From a positive psychology perspective, there are different types of inquiry or ways of partnering with leaders that bring them into their own understanding of who they are in strengths and in this case joy. These approaches and models must continue to evolve with the times. From deficit-oriented methodologies to a positive psychology frame these techniques bring new opportunities for leaders to engage with their own leadership journey. Joyful illuminations is simply the next cycle of development as it calls leaders beyond the performance of leadership and into the heart of what drives and motivates them as a leader.
The old deficit-oriented models required that leaders fix that which they were told was broken. The questions that came out of this ideology were focused on identifying weaknesses and learning about how to be better at something (e.g., What is wrong? How do you fix it?). That clear challenge with this was that anyone could come along and suggest that someone was weak at X or Y and while that person may have been there was little consideration for the fact that that person was never designed to be good at that thing. To notice that someone was weak at one thing versus another could have simply been an observation; something small and possibly minute to even note. Instead, it was too often manipulated into a career-limiting judgment that was used to hold to hold someone back from gaining access to more resources, be it power, positionality, or the freedom to move through the world less constrained by the restrictions of the physical world.
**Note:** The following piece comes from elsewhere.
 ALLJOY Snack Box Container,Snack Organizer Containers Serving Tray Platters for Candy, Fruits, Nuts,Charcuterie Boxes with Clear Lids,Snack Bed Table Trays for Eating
Strengths-based perspectives shifted all of the limitations of the deficient-oriented frame and then created space for people to at least be seen for that which they were naturally good at. Questions shifted the focus to What is working? How do you get more of it? This proved to be more accurate and breath-giving to both managers and the leaders that they worked with. In other words, the Appreciative Inquiry model that strengths-forward coaches use provided both leader and follower with mechanisms of professional growth that felt better, easier, and simply more productive for both parties. This pivot is what truly began to render old traditional models of motivating leaders by fear unnecessary, belaboring, unproductive, and abusive. It is important to note that this shift occurred at a time in which Millennials and gen-zers were coming into the world without the capacity to tolerate the beatdown and then build up a model of development. So this pivot not only created space within the current models of institutionalized leadership but it started to inform new approaches to education, parenting, engaging with one another as friends, etc.
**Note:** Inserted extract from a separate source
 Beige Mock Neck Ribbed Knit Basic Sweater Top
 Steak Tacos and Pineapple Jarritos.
Appreciative Inquiry while substantial in bringing forward new breath will still yet prove insufficient for the journey to transcend our everyday understanding of who we are as leaders, professionally and personally. The two must become one from the progression of humanity. Leaders have run out of time to code-switch between who they are at work and who they are at home with the hastening pace at which the world is getting lost in the advancements of technology. Without a sufficient sense of groundedness in a more authentic framework that allows one t to be whole, the pressure to keep up with the advancing pace of technology is calling people out of breath and therefore creating cesspools of fragmentation. This is why each heart is feeling a call to disengage from traditional models of development and seek more connected and grounded frames that will promote space for them to authentically grow.
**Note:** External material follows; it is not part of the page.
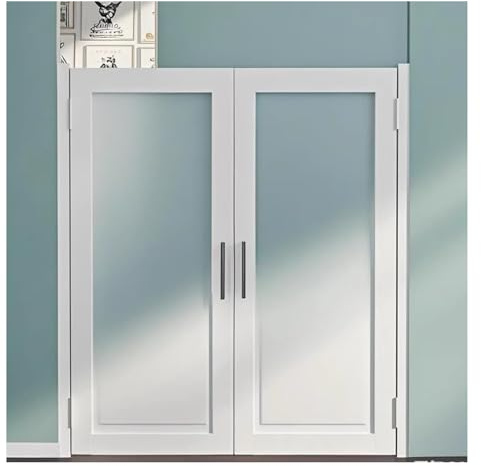 XILYZMO Ingresso Pareti Divisorie Porte A Battente, Legno Pino Vetro Acrilico A Mezza Altezza, Chiusura Automatica Finitura Verniciata Interno Porta Divisoria per Cancello(110x110cm)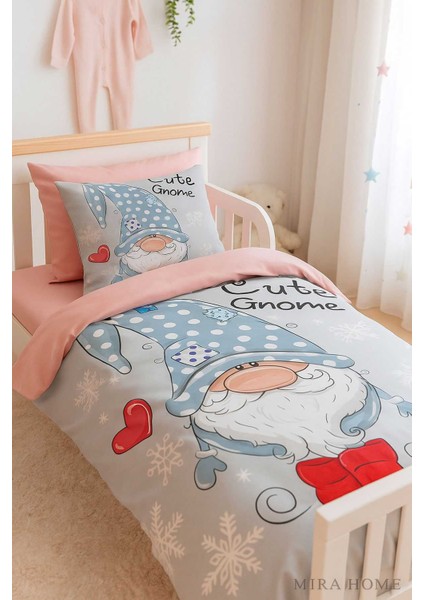 Dijital Baskılı 3D Pamuklu Yenidoğan Bebek Nevresim Takımı Cute Gnome Pink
The Joy-illuminating Inquiry is a far more contextualized approach that allows for leaders to name, honor, and center how they have already led as a means for each person to come into sacred awareness that they have enough of what they need to trust their own unique pathway of growth. This calling offers a constant invitation for each leader to see, hear, and feel what they have already chosen that allowed them to authentically perform their truth in this world and name how they did it. So the questions are less about this or that in the name of fixing what is wrong or identifying what worked well but rather it focuses on what was/is whole about you (in the context of what is working/wrong)? How do you breathe [more relevance] into that which makes you more you (build a life that keeps you whole all the time)?